Normally, harmonicas are custom-built to order, but there happened to be an extra one in the shop for the sultan. "I only wish it had been one of our $40,000 models," she laughs.
Another market has been practitioners of New Age and holistic vibrational healing techniques. It's a big enough part of the business that Coffey knows the lingo. He points out a compact, one-octave model: "That's probably for a healer," he says. "They'll sometimes ask for only seven cups -- just enough to open up the chakras."
It recalls the instrument's most infamous advocate, the 18th-century Austrian doctor (and -- small world -- patron of Mozart) Franz Anton Mesmer, who often enhanced his wealthy clients' magnetism-based "therapy" with harmonica improvisations. Mesmer's dubious reputation helped create a diabolical aura around the instrument: It was said to destroy the nerves of both player and listener.
Hession voices the rational opinion that players were being mildly poisoned by lead in the crystal bowls, gradually entering the bloodstream through the fingertips (not a problem with quartz). As for the alleged effect on the listener, even some contemporaries regarded the furor as simply effective marketing: In 1819, the writer E.T.A. Hoffmann wryly observed, "For any young lady of breeding, it would have been most ill-advised, as soon as the glasses were even touched, not to fall into a tolerably convincing swoon."
Reflecting popular perception, the mad scene from Gaetano Donizetti's 1835 opera "Lucia di Lammermoor," famous for its high-wire soprano-flute duet, was originally scored with glass harmonica. Cecilia Brauer, who plays celesta and piano with the Metropolitan Opera Orchestra in New York, will perform the restored harmonica part for the Met's new production of "Lucia" in September.
"It creates a spookier sound," she says.
Brauer came to the harmonica backward, via a last-minute change on a 1990 concert by the Met Chamber Players. "They quickly had to substitute something," she recalls, "and they chose the Mozart Quintet" K. 617, which contains a substantial harmonica part.
Brauer played it on the celesta -- a keyboard instrument with a high, metallic, bell-like timbre -- but six months later, she happened to see an interview with Finkenbeiner on television, and, remembering the Mozart, became curious. She eventually met Finkenbeiner and acquired her own instrument, and now performs in recital, with opera and ballet companies, and on the occasional film score -- one of a few dozen modern musicians resurrecting the harmonica's artistic profile.

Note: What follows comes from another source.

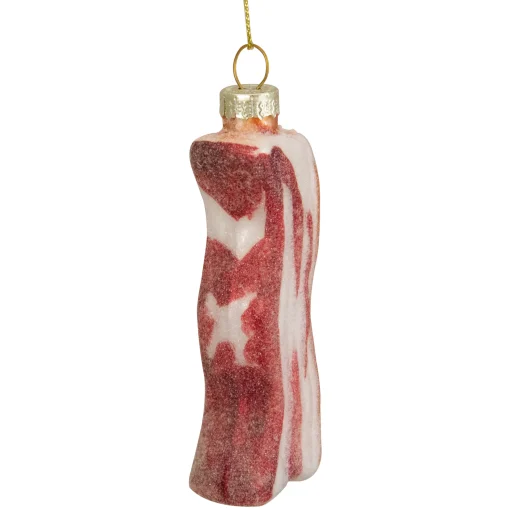 Northlight Food & Beverage>3.5" Pink And White Strip Of Bacon Glass Christmas Ornament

Brauer describes the delicate relationship between moistened finger and bowl: "If the water's too hard, it'll be a scratchy tone; if it's too soft, it won't sound at all. Then the temperature of your body might be wrong -- it's very temperamental."
But she loves the instrument's handmade aspect. No two are exactly alike, which "gives it the personality."

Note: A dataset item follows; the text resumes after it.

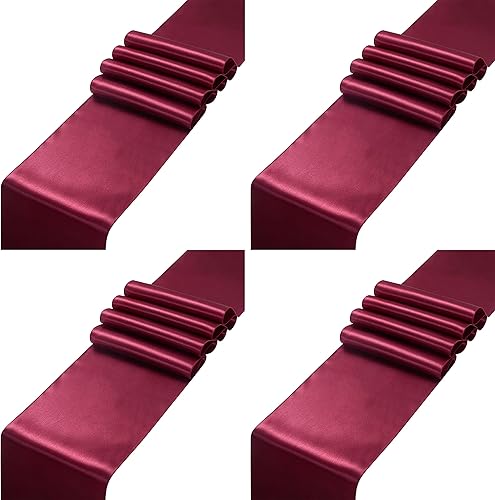 4 caminos de mesa de satén burdeos de 12 x 108 pulgadas, elegante y suave tela sedosa decoración de mesa para banquete de boda, decoración de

Hession, who joined the company in 1979, sweeping floors while a student at Waltham Vocational School ("I never dreamed I'd be working here for the rest of my life," he says), has worked on every one of the firm's instruments, but only started blowing the cups after Finkenbeiner's disappearance. "The harmonica, that was his baby," he says.
Perhaps encouraged by the harmonica's eerie associations, conspiracy theories followed Finkenbeiner's disappearance; Hession dismisses them, blaming simply a heart attack or other sudden incapacitation.
"He always said that if something happened to him in the air," Hession recalls, "he would just turn on the autopilot and let the plane fly out to sea."
Eight years later, as the Hessions prepare to take ownership of the firm, they've been going through much of Finkenbeiner's legacy, the inventions and unfinished projects that still crowd corners of the storeroom.
"It's been hard," Diane Hession says. "He was like a father to us." But the shop -- and its unlikely musical progeny -- are now part of their legacy, too.